Metronidazole induced encephalopathy (MIE), an encephalopathy brought by an antibiotic, is characterized with cerebellar dysfunction, altered mental status and extrapyramidal symptoms. MIE can result in an acute manifestation, but MIE has not been reported as a stroke mimic. An 86-year-old patient undergoing metronidazole therapy for Clostridium difficile enteritis presented to our hospital with sudden disoriented status and motor weakness of the left extremities.
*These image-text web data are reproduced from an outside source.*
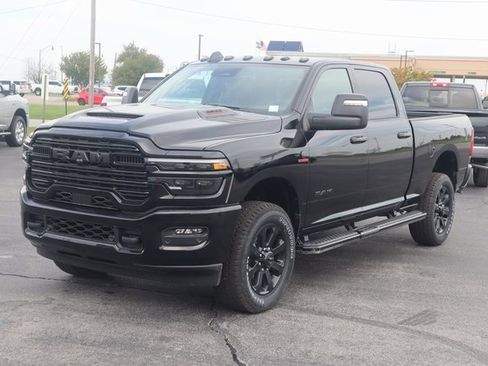 New 2026 RAM 2500 Laramie w/ Night Edition image 20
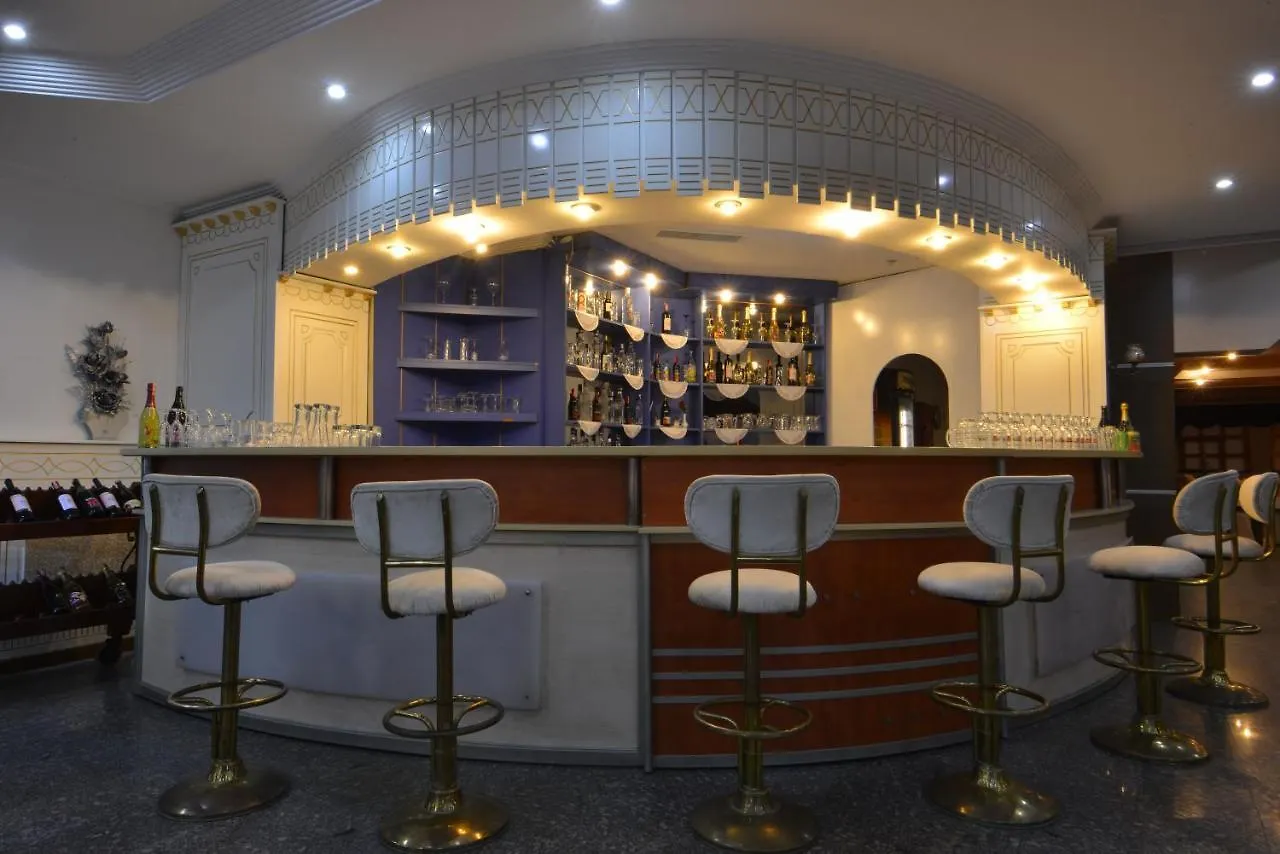****  Sevcan Hotel İstanbul Türkiye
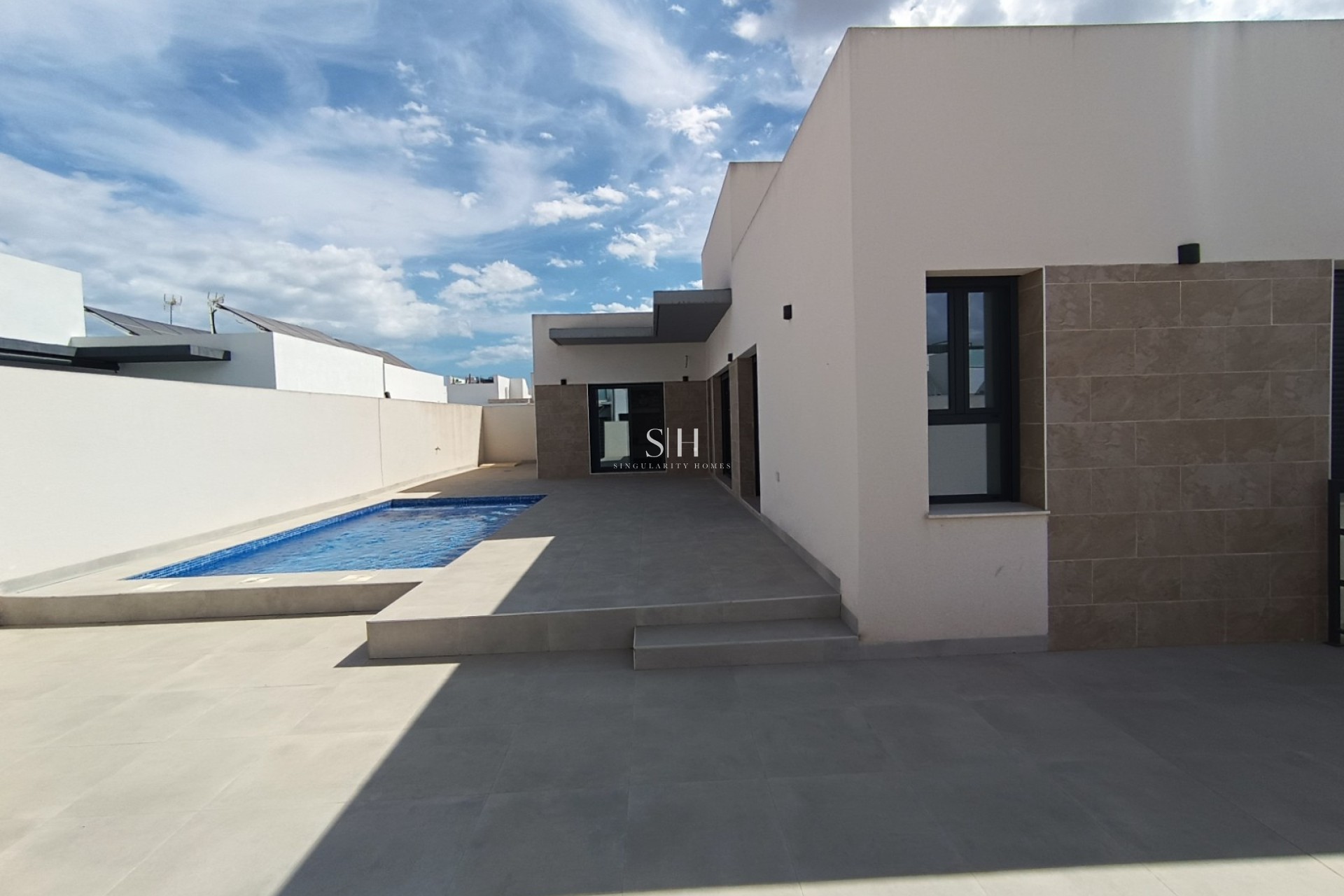 Nybyggnation - Hus - Daya Nueva - CENTRO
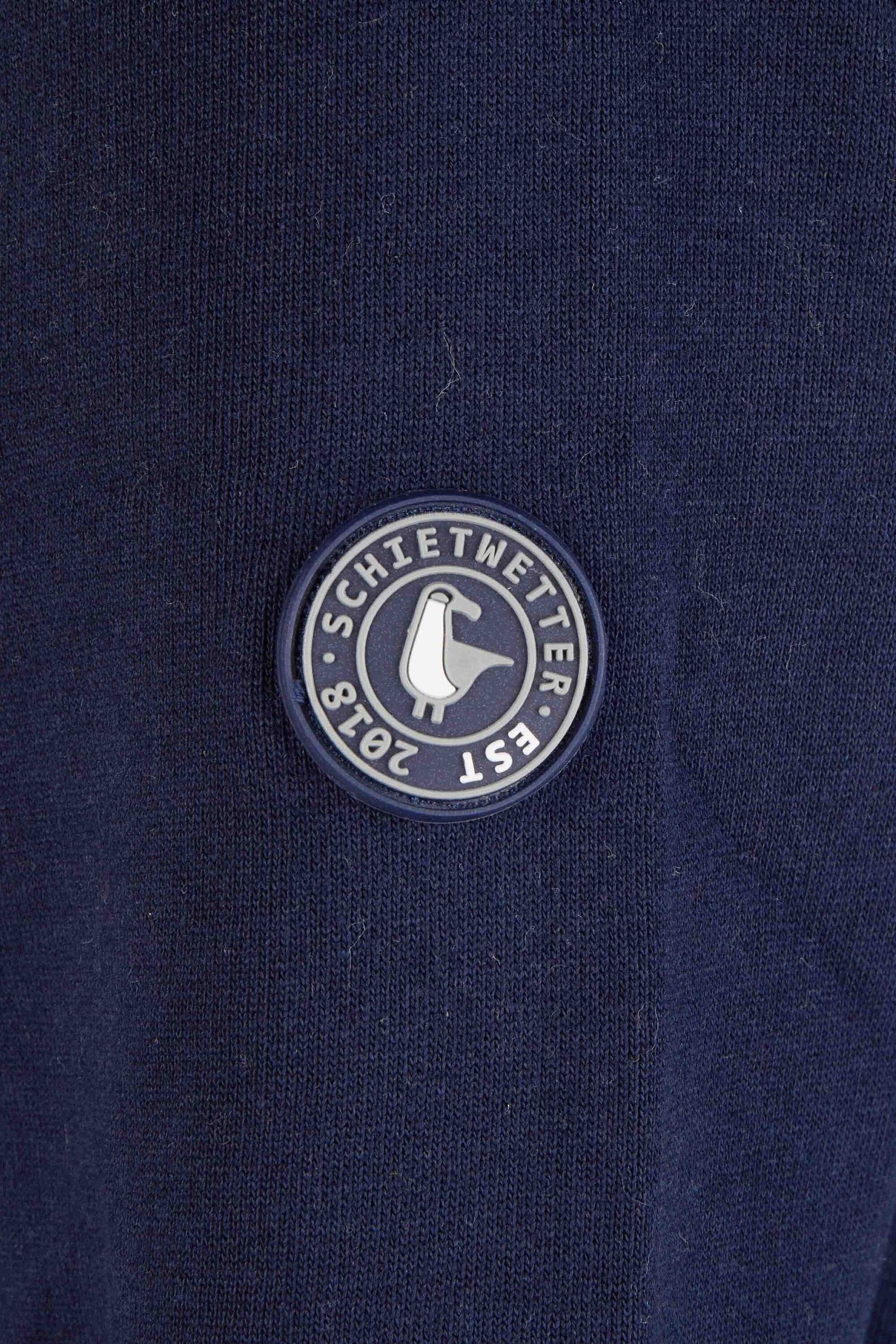 Schietwetter Kapuzenpullover Unisex bequem, kuschelig, weich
Computed tomography (CT) was unrevealing of intracranial hemorrhagic change, and CT angiography did not show any apparent major occlusion or stenosis of the intracranial vessels. However, CT perfusion (CTP) revealed a decrease in peripheral blood flow in the right cerebral hemisphere, and tissue plasminogen activator was administrated for a possible acute ischemic stroke. The findings of follow-up magnetic resonance imaging (MRI) were typical for MIE, revealing areas of hyperintensity on fluid attenuated inversion recovery (FLAIR) signal intensity in the dentate nuclei, the splenium of the corpus callosum, and in the dorsal midbrain. The degree of hyperintensity was stronger in the left dentate nucleus than in the right left dentate on FLAIR and the apparent diffusion coefficient map. The asymmetric findings of the left dentate nucleus on MRI were considered to be responsible for the clinical symptoms and the findings of CTP. We report a rare case of MIE mimicking an acute ischemic stroke, and hypothesize the relationship between the findings of CTP and that of MRI based on the anatomical connection of the dentate nucleus and the cerebral hemisphere.